Is this actually an example of selection bias? In Lesson 3, Chapter 3 of Miguel Hernán's edX course on causal diagrams, he presents this DAG:

It represents a study on the effect of hormone therapy on lung cancer (whether hormone therapy causes lung cancer). Among women with lung cancer in Boston, a random sample of 1,000 has been selected for the study. Among women without lung cancer in Boston, a random sample of 1,000 has also been selected for the study. This accounts for the arrow between lung cancer and selection (i.e. outcome-based selection).

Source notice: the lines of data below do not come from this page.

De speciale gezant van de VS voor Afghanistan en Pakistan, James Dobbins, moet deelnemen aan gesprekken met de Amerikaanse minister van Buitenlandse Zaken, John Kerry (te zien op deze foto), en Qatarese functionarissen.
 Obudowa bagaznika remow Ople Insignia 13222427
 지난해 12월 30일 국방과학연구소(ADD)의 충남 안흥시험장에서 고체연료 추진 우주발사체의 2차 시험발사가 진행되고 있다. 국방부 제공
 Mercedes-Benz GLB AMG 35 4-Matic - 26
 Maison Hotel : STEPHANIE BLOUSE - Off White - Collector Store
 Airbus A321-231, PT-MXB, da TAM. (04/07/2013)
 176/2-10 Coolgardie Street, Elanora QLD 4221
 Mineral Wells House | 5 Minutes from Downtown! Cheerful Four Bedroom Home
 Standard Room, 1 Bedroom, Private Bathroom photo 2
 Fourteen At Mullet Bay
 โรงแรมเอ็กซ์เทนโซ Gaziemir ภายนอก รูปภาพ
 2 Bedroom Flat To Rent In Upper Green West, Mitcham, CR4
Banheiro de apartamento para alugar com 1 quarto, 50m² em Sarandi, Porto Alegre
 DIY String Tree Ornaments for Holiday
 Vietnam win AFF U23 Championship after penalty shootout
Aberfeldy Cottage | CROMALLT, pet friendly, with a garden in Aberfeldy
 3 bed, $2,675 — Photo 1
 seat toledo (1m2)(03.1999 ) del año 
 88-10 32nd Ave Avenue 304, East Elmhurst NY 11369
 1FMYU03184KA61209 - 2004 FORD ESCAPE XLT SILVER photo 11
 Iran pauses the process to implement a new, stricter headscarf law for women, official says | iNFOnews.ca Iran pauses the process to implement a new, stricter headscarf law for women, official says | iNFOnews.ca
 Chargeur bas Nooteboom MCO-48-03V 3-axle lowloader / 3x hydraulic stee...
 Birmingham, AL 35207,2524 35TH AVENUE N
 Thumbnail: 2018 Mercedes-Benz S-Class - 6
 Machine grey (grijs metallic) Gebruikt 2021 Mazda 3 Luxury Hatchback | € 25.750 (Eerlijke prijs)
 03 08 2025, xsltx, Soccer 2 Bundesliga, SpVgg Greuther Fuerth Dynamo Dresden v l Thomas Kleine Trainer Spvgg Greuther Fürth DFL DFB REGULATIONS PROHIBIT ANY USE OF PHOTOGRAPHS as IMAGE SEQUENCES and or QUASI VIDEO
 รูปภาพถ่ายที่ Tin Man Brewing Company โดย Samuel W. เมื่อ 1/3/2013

Then he adds that only women with hip fractures were surveyed ("they can't run away from you"), which accounts for the arrow between hip fracture and selection.
Finally, he says that hormone therapy actually reduces the risk of hip fracture, so the final arrow between hormone therapy and hip fracture is added, creating an open backdoor path.
My question is, if only women with hip fractures were surveyed, doesn't that mean we are conditioning on hip fractures? If so, there should be a square around hip fracture, the backdoor path is actually blocked, and there is no selection bias.
 A: If it's true that only women with a hip fracture were selected, then there is no association between hip fracture and anything in the selected population. This would amount to saying something like "among women with hip fractures, there is an association between having a hip fracture and having lung cancer." Clearly, this doesn't make sense. An association requires variation in two variables. You can't talk about an association between a variable and a conditioned-upon variable.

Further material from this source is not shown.